Dozens of tickets for Scotland’s opening World Cup match against Haiti were being listed on third-party resale websites just over a week before kickoff, with prices swinging from below face value to more than $2,000. The listings arrived as Scotland’s campaign was closing in on its June 12 start in Boston, giving fans a sharp look at how quickly 2026 world cup ticket prices have become a moving target.
The original sale price for Scotland’s opening-match tickets in Boston was between £53 and £380, but one ticket seen on a third-party site was listed at less than £200 while other seats had been pushed far higher. The spread is part of why the resale market has become such a flashpoint for supporters trying to plan a trip that is now less than two weeks away.
Gavin Noon said the tickets had been sold in an “absolutely shambolic way” and accused Fifa of sending mixed messages to fans. He said the governing body had told people the tournament would sell out and that tickets would be so scarce they would have to pay £1,200 to attend every match, even as whole sections for “less desirable” games were being moved through secondary resale sites at less than a third of face value. Noon also said Fifa had been left with “tens of thousands” of unsold tickets.

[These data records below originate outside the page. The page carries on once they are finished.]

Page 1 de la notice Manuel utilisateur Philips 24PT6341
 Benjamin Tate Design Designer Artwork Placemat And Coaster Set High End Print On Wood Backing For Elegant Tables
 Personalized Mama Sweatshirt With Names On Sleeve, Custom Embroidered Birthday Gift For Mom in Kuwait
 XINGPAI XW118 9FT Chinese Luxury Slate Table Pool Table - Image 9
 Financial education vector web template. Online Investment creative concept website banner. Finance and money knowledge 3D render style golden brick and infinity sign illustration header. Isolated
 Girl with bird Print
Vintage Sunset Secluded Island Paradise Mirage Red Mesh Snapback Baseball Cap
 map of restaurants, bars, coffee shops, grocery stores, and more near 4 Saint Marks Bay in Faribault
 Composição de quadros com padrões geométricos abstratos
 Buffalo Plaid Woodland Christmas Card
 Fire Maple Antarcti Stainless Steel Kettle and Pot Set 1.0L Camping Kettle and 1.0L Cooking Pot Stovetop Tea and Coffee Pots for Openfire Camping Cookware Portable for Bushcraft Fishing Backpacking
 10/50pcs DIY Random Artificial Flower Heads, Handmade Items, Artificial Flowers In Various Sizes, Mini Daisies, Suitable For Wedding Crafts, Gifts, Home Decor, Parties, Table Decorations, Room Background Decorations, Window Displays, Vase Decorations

That clash matters because the scramble is not happening in a vacuum. The Times reported that Fifa was working with resale sites to shift thousands of unsold tickets, even after it had warned fans against using such platforms. Fifa’s own resale site charges buyers and sellers 15% on resold tickets, and some Scotland opening-match tickets have already appeared there for more than $2,000. The attorneys general of New York and New Jersey launched an investigation into Fifa’s practices last week, and New Jersey attorney general Jennifer Davenport described the process as a “gauntlet of confusion, fake scarcity and impossibly high prices.”
The people squeezed hardest are not just Scotland supporters chasing a seat. Fans from Haiti will be unable to attend because they have been banned from entering the United States, which leaves the opening match with a narrow and confusing path for buyers at exactly the point when demand should be settling. What remains unclear is how many tickets are still unsold overall, and which resale sites Fifa is using to move them before Scotland walks out in Boston on June 12.